I think there is no greater evidence of how firmly we have closed ranks as a people than the fact that industrialists of this region are today equipping our nation’s Armed Forces.
Years ago, Dim Chukwuemeka Ojukwu said and I quote, ‘The war has at least underlined for all of us, the importance of staying together.” Brothers and sisters, no human relationship is perfect and no nation is received or conceived in ideal circumstances. All polities, no matter how good they look today, are imperfect and only through the labours of their members are they perfected. Like families, nations are made up of people who disagree and at times disagree intensely. The ties that bind us have survived the most intense disagreement we have ever known as a people and it resulted in the Civil War.
However, our national anthem enjoins us to “build a nation where peace and justice reign.” Setbacks and adversity are as integral to a nation’s journey as they are to human existence as a whole. But we have also known hope and victory, we should not on account of the disappointments we have suffered, give up on our collective possibilities and on each other.

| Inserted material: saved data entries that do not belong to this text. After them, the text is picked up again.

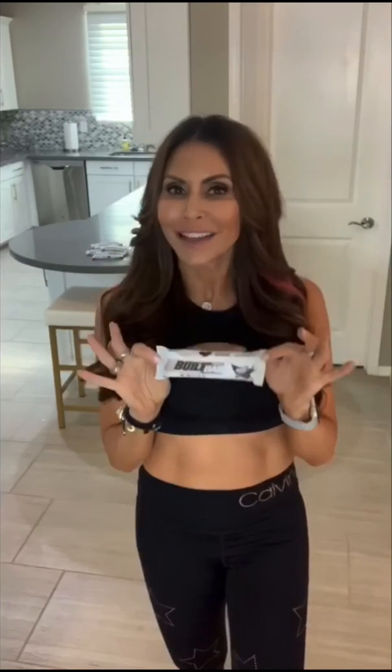I am a protein bar girl — what can I tell you? I'm on the run all the time, so having a great healthy snack to keep me going for the day is super important. And I haven't had a bar that I like this much in forever. This is the bar for your entire family.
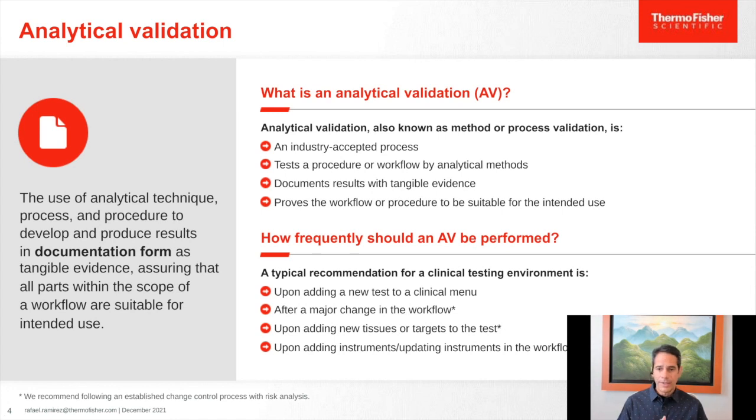When is analytical validation necessary? It is most evidently necessary before adding a new test to a clinical menu. Laboratories must also be conscious that after they have a set assay, there can be changes — different chemistry, new instrumentation, or added targets to panels. Those variations or deviations from the original validated assay need to be assessed and re-evaluated. This could require full revalidation, or just a study documenting the different process and comparing results, but the important part is that there must be that revalidation.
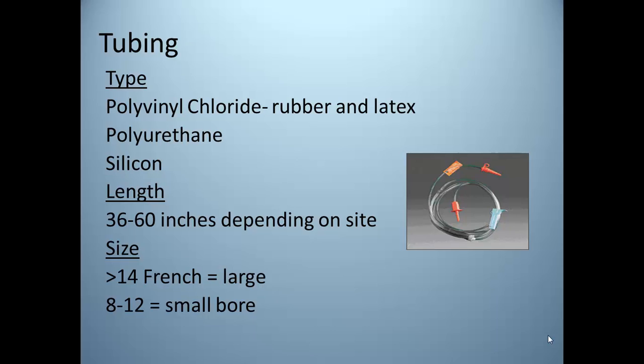Tubes greater than 14 French are usually stiff and uncomfortable, and some states prohibit their use unless medically documented as necessary. They were used historically for NG placement because of easy insertion, less clogging, and easy aspiration, but long-term use caused tissue loss around the nose and mouth. Small bore 8 to 10 French tubes are made of softer polyurethane and are more comfortable for patients, though they require a wire stylet to insert and are prone to clogging, especially if more medication delivery is needed. Standard flushing procedures are needed to prevent occlusion.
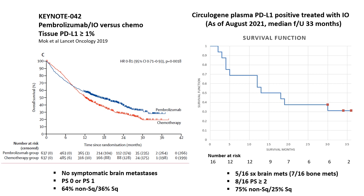The Kaplan-Meier overall survival curve on the right represents the CirculaGene plasma PD-L1 positive patients treated with frontline immune-based regimens. As of August of this year, with a median follow-up of 33 months, the median overall survival is 15 to 18 months, and most importantly, the right side of the curve remains elevated with a 30% three-year survival.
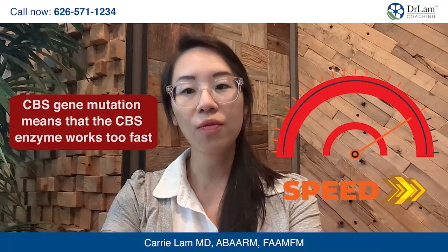Have you ever heard of a CBS mutation? The cystathionine beta synthase, or CBS gene, provides instructions for your body to create the enzyme of the same name. This enzyme helps to convert homocysteine and cystathionine into other substances that your body needs. When you have a CBS gene mutation, it means that the CBS enzyme works too fast.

It is true that we are not where we want to be, but we have not been standing still either, our country is very much, a work in progress. The attainment of peace and justice is not an event, but a process and a journey.
In 2017, this administration paid the accumulated arrears of pensions owed to retired war-affected ex-Biafran Police, who have been pardoned since 2000. This was more than a gesture of good faith, it demonstrates our belief in fairness and justice and our conviction that we can only move forward together.
We must build a country devoid of any form of discrimination and marginalization. This is the ideal to which we must strive. However, we cannot prosecute this struggle with weapons of bigotry and hatred. Our tools for creating the country we want, have to be those of empathy and a willingness to invest effort in understanding each other.
All of us must also be mindful of the sacrifice that unity calls for; it means that those of us in power must understand that the bitterness of the loser when the winner takes it all, will ultimately swallow all including the winner. Three watchwords matter: fairness, equity and justice.
We must also be mindful of the fact that it is far easier to destroy than to build. It is easier to put asunder than to bring together. It is my firm conviction that we are infinitely stronger and better together. This is not a time to put asunder, it is a time to bring together. We cannot change the past, but we can learn from it and build a better future together.
––Being excepts from an address by Vice President Yemi Osinbajo, SAN, GCON, at a townhall meeting held at the National War Museum, Umuahia, Abia State recently to mark the 50th anniversary of the end of the civil war.